Around 2,000-3,000 t of UK-origin HMS 1&2 (80:20) have been booked at around $500/t CFR levels
Another deal of 1,000 t of HMS (90:10) has been concluded at $508/t CFR levels.
SteelMint's price assessments for shredded of UK/EU-origin shredded in containers is at $530-540/t CFR Chittagong levels, mostly unchanged w-o-w.
- Pakistan imported scrap prices down: Market performers are not very active at the moment. A non-stop decline in iron ore prices, slowness of Turkish buyers in making fresh bookings and unresponsive market sentiments in bordering countries like India and Bangladesh, could be the probable factors leading to a drop in scrap prices.

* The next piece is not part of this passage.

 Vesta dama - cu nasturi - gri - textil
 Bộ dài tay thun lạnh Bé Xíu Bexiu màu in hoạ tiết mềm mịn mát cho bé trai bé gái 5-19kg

SteelMint's bi-weekly assessment for shredded scrap of UK/EU-origin stands at $515/t CFR Port Qasim, down $5-10/t compared to the beginning of this week.
- India's imported scrap prices largely stable in recent deals: India's imported scrap market saw less trade activities this week with some deals getting concluded. Disparities in bids and offers are the main reasons for the market remaining inactive. No deals were concluded from the last two-three months for high-grade scrap and shredded. However, the market is likely to improve from next month as construction activities will pick up ahead of the festive season. Fresh offers are at $515-520/t CFR levels as per SteelMint's bi-weekly assessment, stable w-o-w.